3. How do you handle overfitting in your models?

This question tests your knowledge of model evaluation and improvement techniques.

How to Answer

Discuss techniques such as cross-validation, regularization, or pruning that you use to prevent overfitting.

Example

“To handle overfitting, I often use cross-validation to ensure my model generalizes well to unseen data. Additionally, I apply regularization techniques like L1 and L2 to penalize overly complex models. In one project, I reduced overfitting by implementing dropout layers in a neural network, which significantly improved performance on validation data.”

4. Describe a time when you had to explain a complex machine learning concept to a non-technical audience.

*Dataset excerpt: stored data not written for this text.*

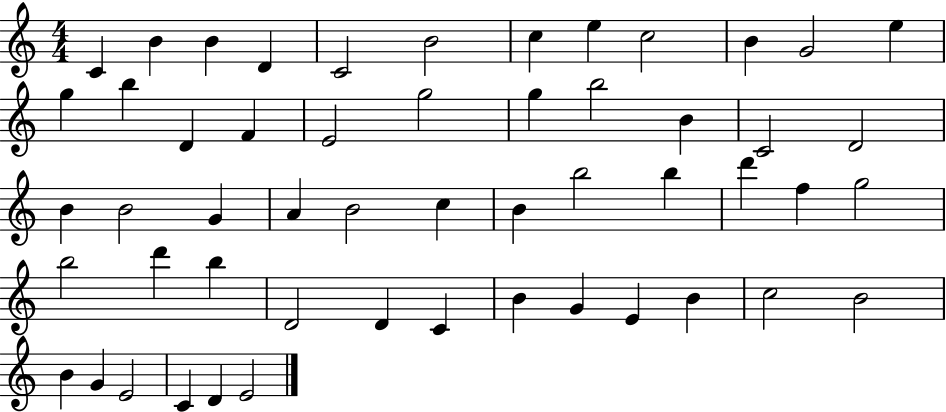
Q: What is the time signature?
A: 4/4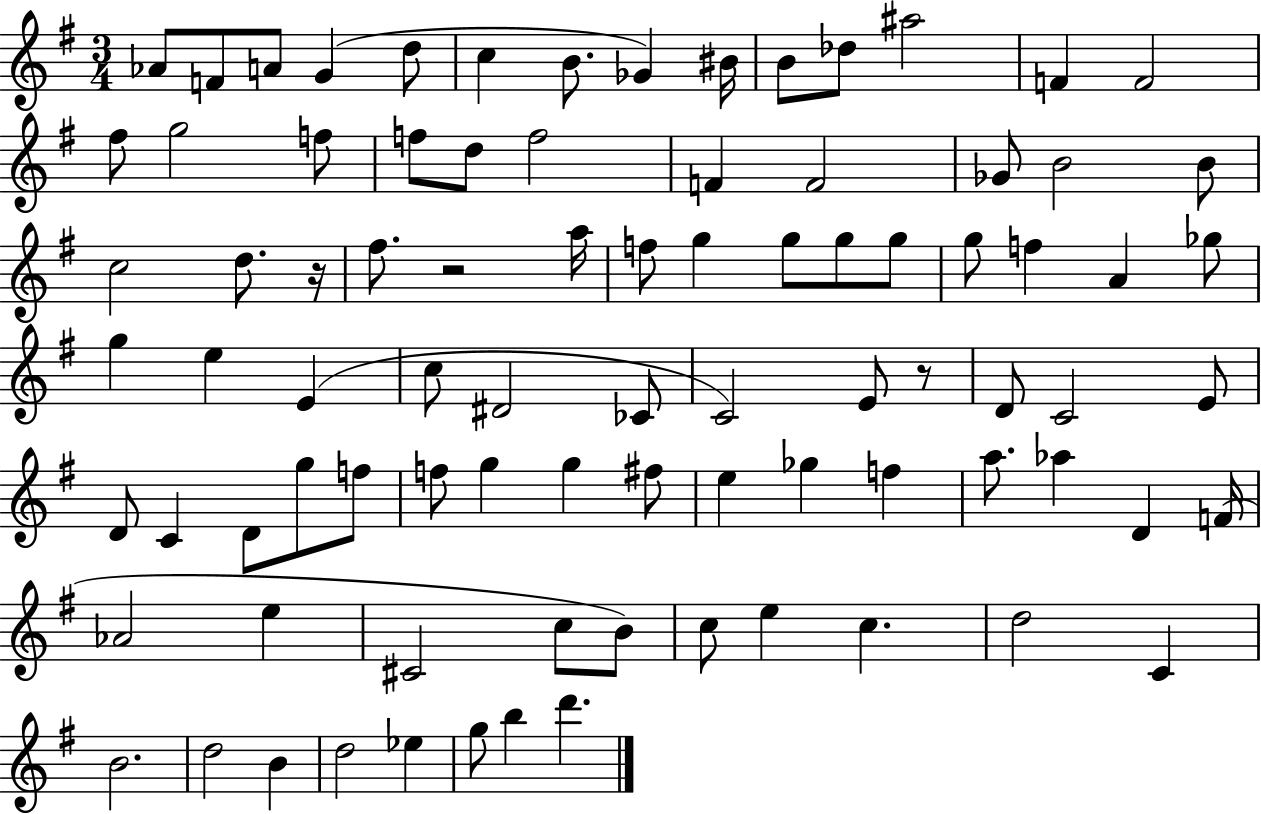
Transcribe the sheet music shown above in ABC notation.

X:1
T:Untitled
M:3/4
L:1/4
K:G
_A/2 F/2 A/2 G d/2 c B/2 _G ^B/4 B/2 _d/2 ^a2 F F2 ^f/2 g2 f/2 f/2 d/2 f2 F F2 _G/2 B2 B/2 c2 d/2 z/4 ^f/2 z2 a/4 f/2 g g/2 g/2 g/2 g/2 f A _g/2 g e E c/2 ^D2 _C/2 C2 E/2 z/2 D/2 C2 E/2 D/2 C D/2 g/2 f/2 f/2 g g ^f/2 e _g f a/2 _a D F/4 _A2 e ^C2 c/2 B/2 c/2 e c d2 C B2 d2 B d2 _e g/2 b d'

This question assesses your communication skills and ability to convey technical information clearly.

How to Answer

Provide an example where you simplified a complex concept and tailored your explanation to the audience's level of understanding.

Example

“I once had to explain the concept of a neural network to a group of marketing professionals. I used analogies related to how the human brain processes information and visual aids to illustrate how data flows through layers. By relating it to their experiences, they grasped the concept and its relevance to our marketing strategies.”

Algorithms

1. What is your approach to selecting the right algorithm for a given problem?

This question evaluates your analytical skills and understanding of algorithm selection.

How to Answer

Discuss the factors you consider, such as data type, problem complexity, and performance metrics.

Example

“I start by analyzing the data characteristics, such as size and type. For structured data, I might consider algorithms like logistic regression or decision trees. For unstructured data, I would lean towards neural networks. I also evaluate the problem's complexity and the need for interpretability, which influences my choice of algorithm.”

2. Can you explain the difference between supervised and unsupervised learning?

This question tests your foundational knowledge of machine learning concepts.

How to Answer

Clearly define both terms and provide examples of each.

Example

“Supervised learning involves training a model on labeled data, where the outcome is known, such as predicting house prices based on features. In contrast, unsupervised learning deals with unlabeled data, where the model tries to find patterns or groupings, like clustering customers based on purchasing behavior.”

3. How do you evaluate the performance of your machine learning models?

This question assesses your understanding of model evaluation metrics.

How to Answer

Discuss various metrics you use, such as accuracy, precision, recall, F1 score, or AUC-ROC, and explain when to use each.

Example

“I evaluate model performance using accuracy for balanced datasets, but I prefer precision and recall for imbalanced datasets to ensure the model is not biased towards the majority class. For binary classification tasks, I often use the F1 score to balance precision and recall.”

4. Describe a time when you had to optimize an algorithm for better performance.

This question looks for your problem-solving skills and experience with optimization.

How to Answer

Share a specific instance where you improved an algorithm's performance and the methods you used.

Example

“In a project where I implemented a recommendation system, I noticed that the initial algorithm was slow due to the large dataset. I optimized it by using matrix factorization techniques, which reduced computation time by 50% while maintaining accuracy, allowing for real-time recommendations.”

Statistics & Probability

1. How do you apply statistical methods in your machine learning projects?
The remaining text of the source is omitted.